Fundamental OIL – Harga minyak mentah turun sedikit selama sesi APAC hari Senin di tengah meningkatnya kekhawatiran viral,Jepang mengumumkan keadaan darurat baru di Tokyo, Osaka, dan dua wilayah lainnya. Infeksi Covid-19 harian India mencapai rekor tertinggi,Pertemuan OPEC + hari Rabu berada di bawah sorotan karena para pedagang menunggu petunjuk tentang prospek pasokan .

WTI diperdagangkan sedikit lebih rendah selama sesi tengah hari Asia Pasifik karena kebangkitan virus di Jepang dan India membuat nada masam untuk perdagangan minyak. Jepang mengumumkan keadaan darurat ketiga di Tokyo, Osaka, dan dua prefektur lainnya untuk mengekang lonjakan kasus virus korona. Area-area ini mencakup ¼ populasi Jepang dan 1/3 dari output ekonominya. Langkah-langkah tersebut dimulai pada hari Minggu dan akan diberlakukan hingga setidaknya 11 Mei, membayangi Olimpiade Tokyo yang akan datang.

Jepang adalah negara pengimpor minyak terbesar keempat di dunia, mengonsumsi sekitar 7% dari ekspor minyak global selama 2019. Oleh karena itu, berkurangnya perjalanan domestik dan penghentian bisnis non-esensial dapat membawa dampak yang cukup besar pada konsumsi energi selama periode terbatas.

India melaporkan rekor peningkatan infeksi Covid-19 hariannya, dengan 349.691 kasus ditambahkan selama 24 jam terakhir. India adalah importir minyak terbesar ketiga di dunia dan menyumbang sekitar 10% dari impor global pada tahun 2019. Lonjakan cepat infeksi virus korona dapat menyebabkan pengetatan pembatasan perjalanan dan dapat membawa negara itu lebih dekat ke kuncian nasional.

Fundamental OIL

Sementara itu, pedagang minyak akan mengawasi pertemuan menteri OPEC dan non-OPEC hari Rabu untuk petunjuk tentang prospek pasokan.
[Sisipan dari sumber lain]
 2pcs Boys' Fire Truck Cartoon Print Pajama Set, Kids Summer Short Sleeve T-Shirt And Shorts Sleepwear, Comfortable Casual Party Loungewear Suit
Kartel minyak dan sekutunya telah memutuskan untuk menambah 2,25 juta barel per hari dari Mei hingga Juli pada pertemuan yang diadakan pada 1 April. Sejak itu, prospek permintaan energi cerah oleh data ekonomi yang kuat dari AS dan China. Ke depan, situasi viral yang memburuk di beberapa bagian Asia dapat menghalangi OPEC + untuk mempertimbangkan peningkatan produksi lebih lanjut.

Produksi minyak Iran bisa menjadi wildcard lain di pasar minyak. Baru-baru ini, negara tersebut berusaha untuk melanjutkan pembicaraan tentang kesepakatan nuklir 2015 untuk membebaskan diri dari sanksi ekonomi yang diberlakukan oleh AS. Meskipun negosiasi yang sedang berlangsung belum membuahkan hasil, potensi kembalinya pasokan Iran di masa depan menjadi ancaman bagi keseimbangan pasokan dan permintaan yang rapuh.
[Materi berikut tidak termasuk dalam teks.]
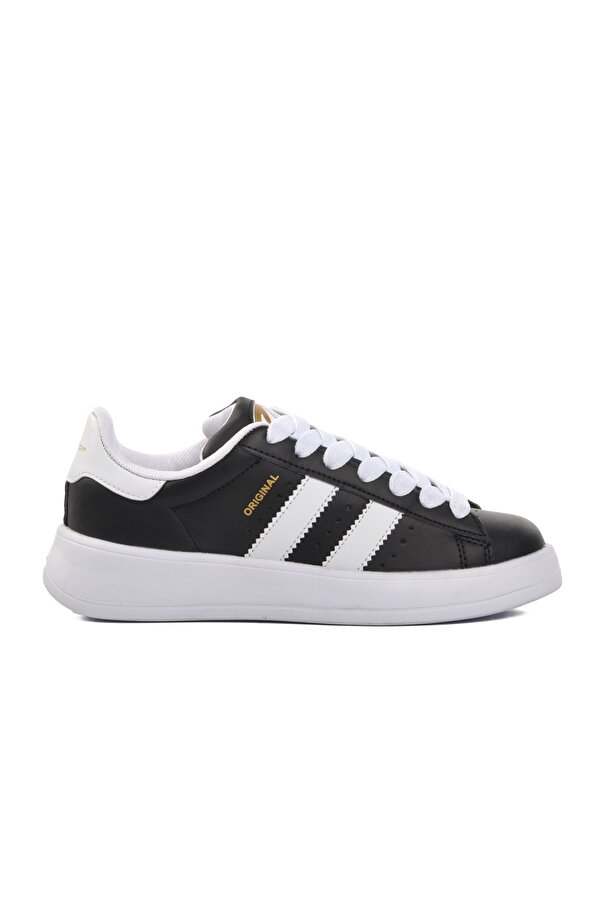 B-573 Siyah-Beyaz Unisex Bağcıklı Sneaker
WTI membentuk pola “Double Top” sebelum memasuki fase konsolidasi pada grafik 4 jam. Level resistensi langsung dapat ditemukan di US $ 63,83 – Fibonacci retracement 61,8%. Level support langsung dapat ditemukan di sekitar US $ 61,15 – garis SMA 100-periode.

Fundamental OIL

Indikator MACD telah membentuk perpotongan bullish di bawah titik tengah netral, menunjukkan bahwa momentum bullish mungkin terakumulasi.